21.05.2014

Portrait

Das Elend der Architekten

… und nahm den Zwischenraum heraus und baute draus ein großes Haus (*C. Morgenstern)

Was sind denn diese Zwischenräume, aus denen man ein Haus bauen könnte?

Wenn es solche gibt, so haben sich diese Gestaltungsräume in unserer Retrogesellschaft, die Innovation legistisch verwalten will, sehr verengt. Die Gestaltungsräume in der Architektur und zwischen den Gewerken haben sich verschoben, wobei die Haustechnik – siehe Nachhaltigkeit – bald nicht mehr nur 40% des Baubudgets, sondern bald 80% beanspruchen wird. Und die Helden sind dann nicht mehr die Architekten – und das sollte man jedem Architekturstudenten sagen – sondern die meist fantasielosen Klimatechniker, ähnlich wie Steuerfahnder, die die neuen Heroen unserer Gesellschaft geworden sind. Die Doppelmoral ist laut und deutlich.

… Der Architekt jedoch entfloh nach Afri- od- Ameriko (*C. Morgenstern)

Heute eher nach Afrika, wo es doch Mode geworden ist, im Schatten der Lehmuniversität von Timbuktu gebastelte Projekte zu errichten, die sofort von Kuratoren und Theoretikern, Kritikern zum neuen Architekturtrend stilisiert werden.

Erst neulich waren in der renommierten Süddeutschen auf den Modeseiten Dirndl und Lederhosen als neuer Trend zu bewundern, auf der Architekturseite wurde irgendeine lehm-lahme Schule als neue Architekturrichtung gehypt. „Denke global – baue sozial“ war das Schlagwort. Sozial mag stimmen – für Studenten ist Bauen in Entwicklungsländern eine unersetzliche Erfahrung – aber global ist in diesem Zusammenhang lächerlich, wenn man bedenkt, dass gerade in Afrika die Straßen, Brücken und sogar Parlamente von China finanziert und auch gebaut werden. Es wäre vielleicht  intelligent gewesen, diese Zusammenhänge aufzuzeigen.
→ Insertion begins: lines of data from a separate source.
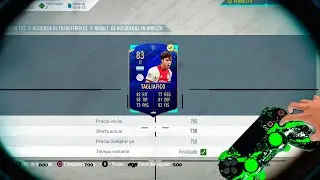 FIFA 20 - MONEDAS FACILES CON ESTOS FILTROS DE TRADEO (Hasta 7k por minuto)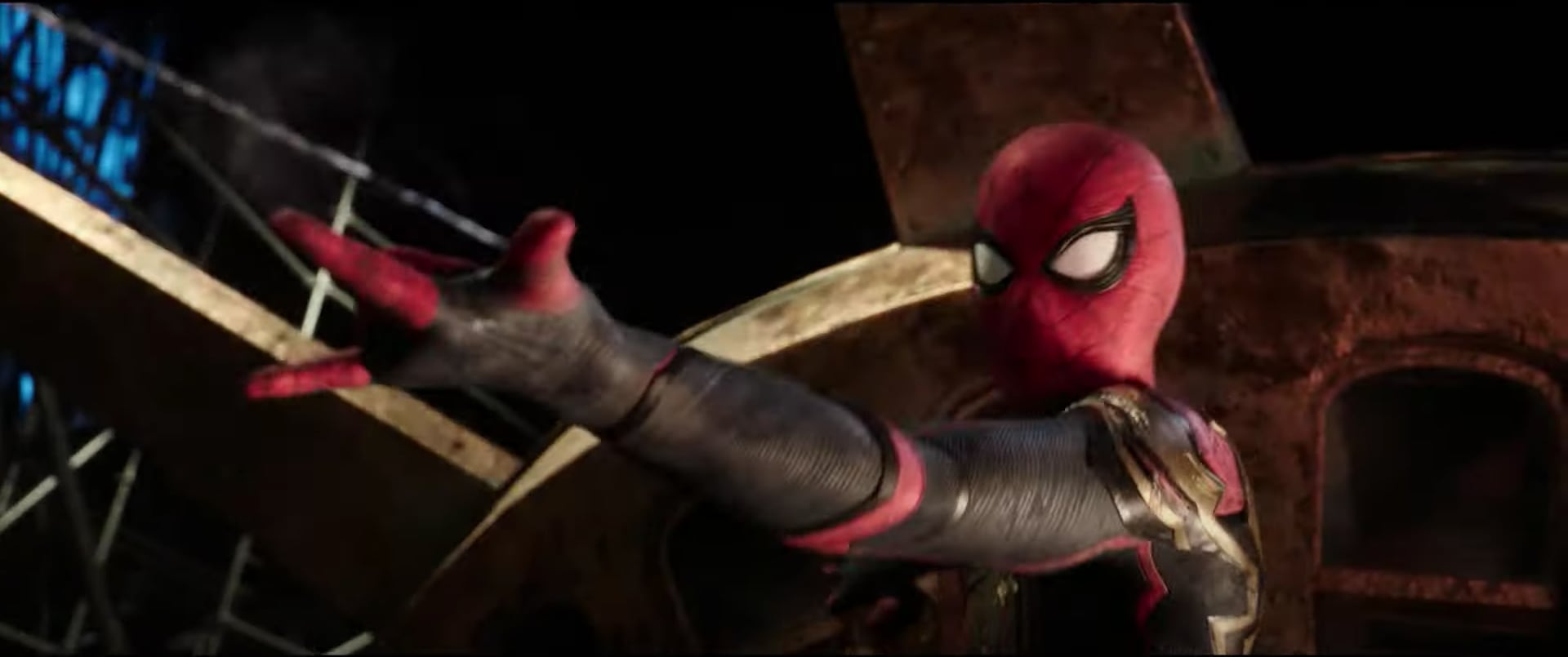 Spider-Man: No Way Home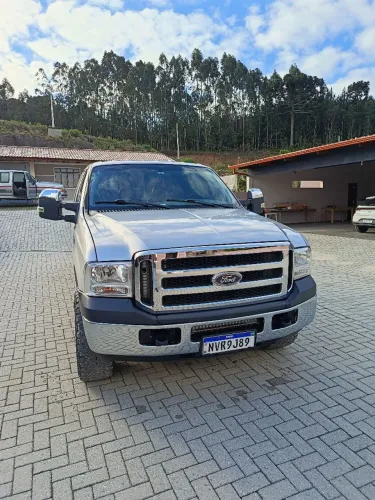 Ford F-250 XLT 3.9 4X4 CD TB Diesel 2011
Wenn man heute über Architektur spricht, dann spricht man meistens nur über die Spitze eines Eisbergs. Die unsichtbare Architektur jedoch wird nie analysiert, obwohl wir alle wissen, dass der nicht sichtbare Teil des Eisbergs der gefährlichere ist (siehe Titanic). Dabei ist aber gerade die unsichtbare Architektur – also Gesellschaftsästhetik, Politik, Ökonomie und Gesetze – der größte Einflussfaktor auf das sichtbare Gebäude. Da die Architekten versuchen, ihren Beruf  ernstnehmend, mit diesen Faktoren bewusst oder unbewusst zu dealen, sind sie unbemerkt zu Erfüllungsgehilfen von Geschmack-, Stillosigkeiten und des Kapitals geworden.

Nachdem wir vergessen haben, dass Architektur nicht allein bauen heißt, sondern – um Hans Hollein die letzte Ehre zu geben – „die Architekten aufhören müssen, in Gebäuden zu denken“, sind sie getrieben von dem Ziel, koste es, was es wolle, Gebäude zu errichten, in unserer Zeit zu vorauseilendem Gehorsam und innerlichem Zwang verdammt. Das heißt, um den Auftrag ja nicht zu verlieren, sind sie, ohne es zu überprüfen, vorauseilend gehorsam gegenüber den ästhetischen, ökonomischen und funktionalen Gesetzen des Bauherrn – der nicht mehr „Herr“, sondern nur mehr „Bau“ ist – geworden. Weil das aber alles schwer zu ertragen ist, finden die Architekten das Ganze auch noch schön und richtig: Das nennt man dann verinnerlichten Zwang.

Viele Architekten raufen sich um einen Auftrag. Daher sind sie, wie die Sardinen im Haifischmeer der Investoren, am Ende der Futterkette. Leider  besitzen sie keine Schwarmintelligenz.